### [TASK OBJECTIVE]
When writing out the entries below, keep only the lines from the line with "Notatki z biologii do studentki weterynarii" to the line with "รูปภาพPinho เลือกดูภาพถ่ายสต็อก เวกเตอร์", both included, exactly as they are, and leave the pictures aside.

>>>

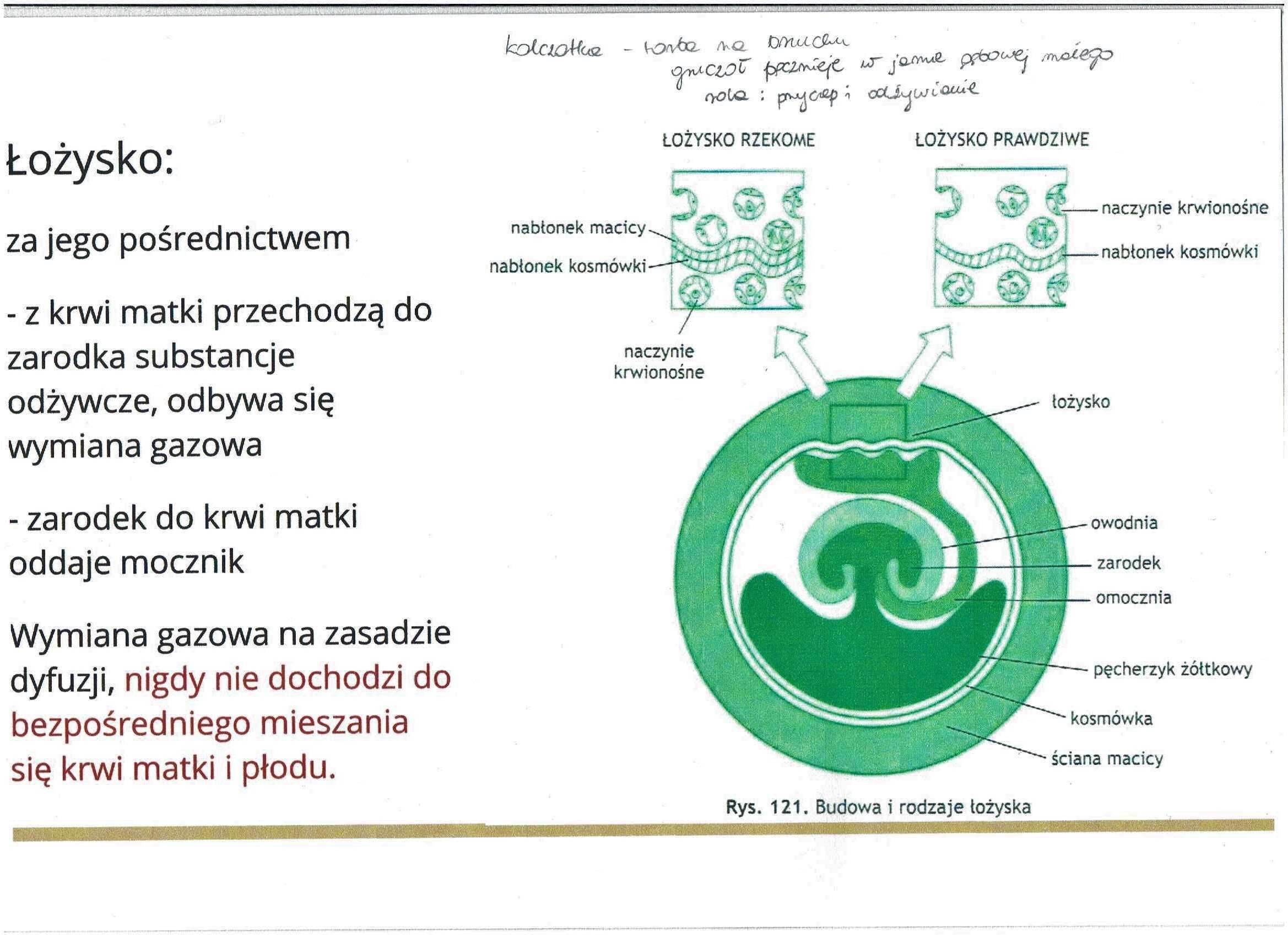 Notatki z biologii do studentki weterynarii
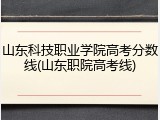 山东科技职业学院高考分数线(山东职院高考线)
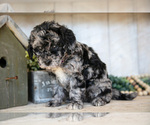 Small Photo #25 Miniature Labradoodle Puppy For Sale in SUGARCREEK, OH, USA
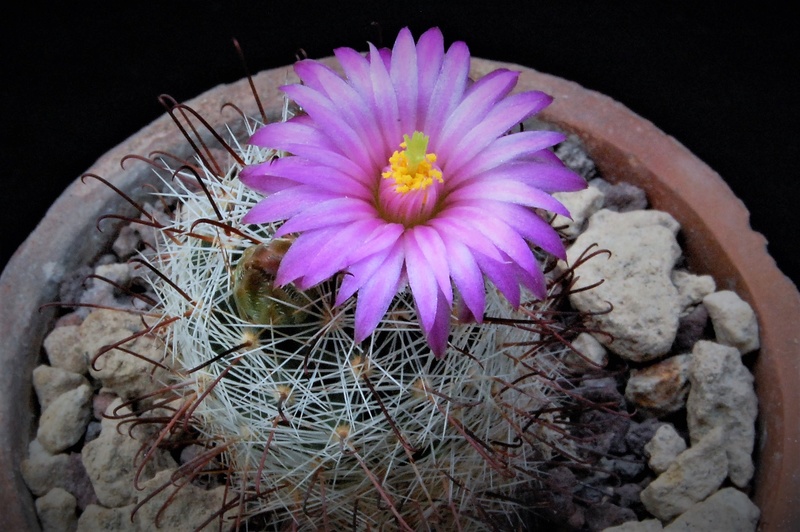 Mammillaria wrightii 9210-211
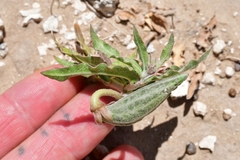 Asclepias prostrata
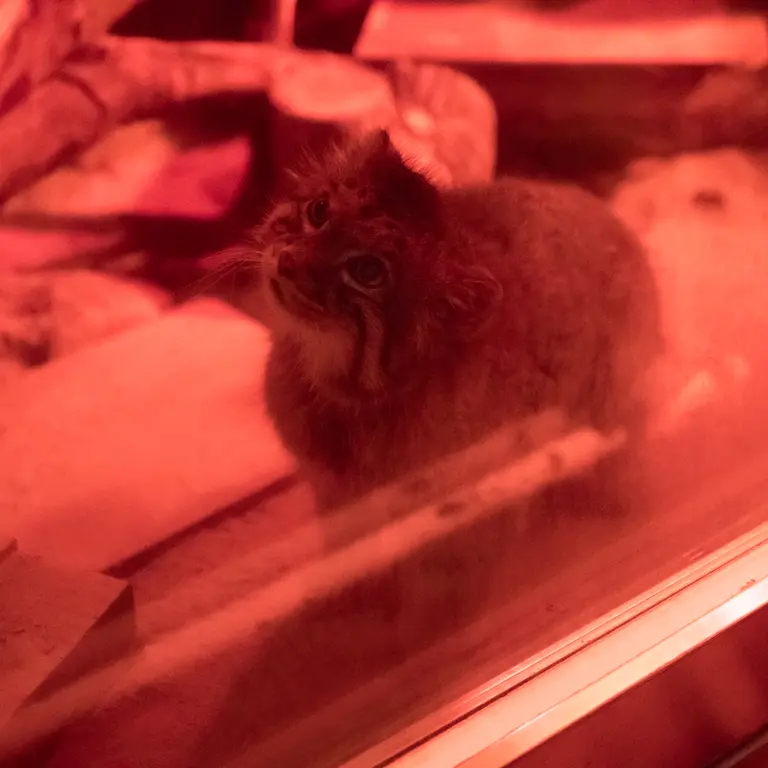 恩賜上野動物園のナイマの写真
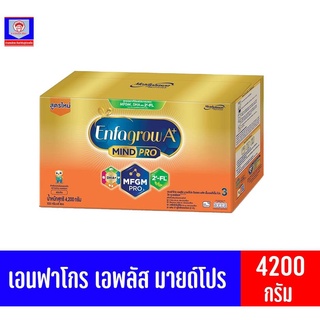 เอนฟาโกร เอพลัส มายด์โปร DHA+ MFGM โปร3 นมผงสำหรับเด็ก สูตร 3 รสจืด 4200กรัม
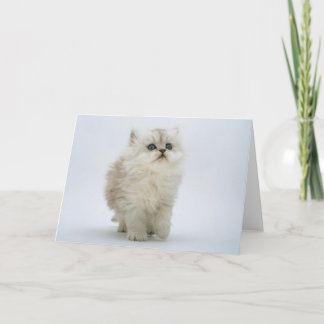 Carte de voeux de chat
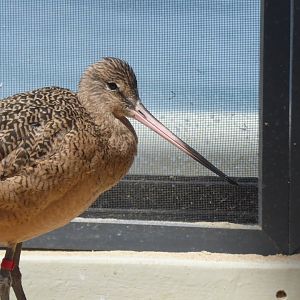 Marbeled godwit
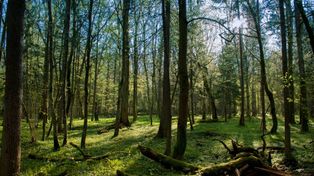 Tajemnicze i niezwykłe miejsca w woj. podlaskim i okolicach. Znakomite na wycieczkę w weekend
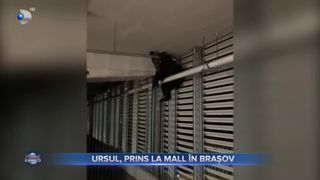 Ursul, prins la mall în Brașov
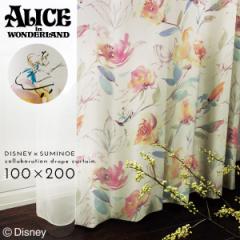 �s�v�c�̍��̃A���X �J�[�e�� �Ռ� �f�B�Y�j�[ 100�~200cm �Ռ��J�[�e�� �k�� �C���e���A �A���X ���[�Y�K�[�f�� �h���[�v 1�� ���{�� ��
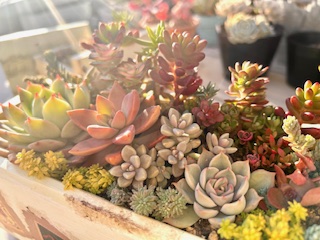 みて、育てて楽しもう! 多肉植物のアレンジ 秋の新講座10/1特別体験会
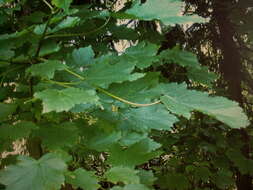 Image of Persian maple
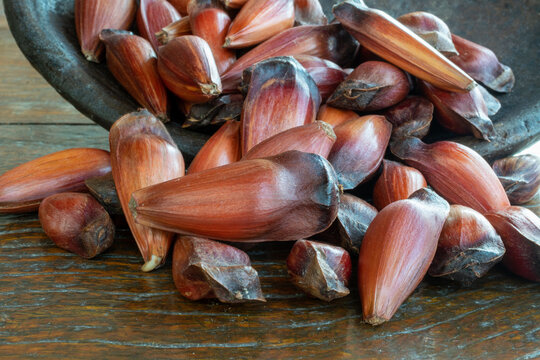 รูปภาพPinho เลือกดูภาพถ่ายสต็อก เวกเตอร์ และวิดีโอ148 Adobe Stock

<<<
>>>

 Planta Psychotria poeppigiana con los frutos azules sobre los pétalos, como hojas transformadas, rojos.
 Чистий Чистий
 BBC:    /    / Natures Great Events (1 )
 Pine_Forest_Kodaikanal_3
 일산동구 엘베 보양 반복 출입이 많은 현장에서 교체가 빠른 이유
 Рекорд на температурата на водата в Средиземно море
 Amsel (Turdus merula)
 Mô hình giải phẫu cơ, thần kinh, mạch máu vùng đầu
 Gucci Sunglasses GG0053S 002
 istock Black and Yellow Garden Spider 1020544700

<<<

### [RESPONSE]
 Notatki z biologii do studentki weterynarii
 山东科技职业学院高考分数线(山东职院高考线)
 Small Photo #25 Miniature Labradoodle Puppy For Sale in SUGARCREEK, OH, USA
 Mammillaria wrightii 9210-211
 Asclepias prostrata
 恩賜上野動物園のナイマの写真
 เอนฟาโกร เอพลัส มายด์โปร DHA+ MFGM โปร3 นมผงสำหรับเด็ก สูตร 3 รสจืด 4200กรัม
 Carte de voeux de chat
 Marbeled godwit
 Tajemnicze i niezwykłe miejsca w woj. podlaskim i okolicach. Znakomite na wycieczkę w weekend
 Ursul, prins la mall în Brașov
 �s�v�c�̍��̃A���X �J�[�e�� �Ռ� �f�B�Y�j�[ 100�~200cm �Ռ��J�[�e�� �k�� �C���e���A �A���X ���[�Y�K�[�f�� �h���[�v 1�� ���{�� ��
 みて、育てて楽しもう! 多肉植物のアレンジ 秋の新講座10/1特別体験会
 Image of Persian maple
 รูปภาพPinho เลือกดูภาพถ่ายสต็อก เวกเตอร์ และวิดีโอ148 Adobe Stock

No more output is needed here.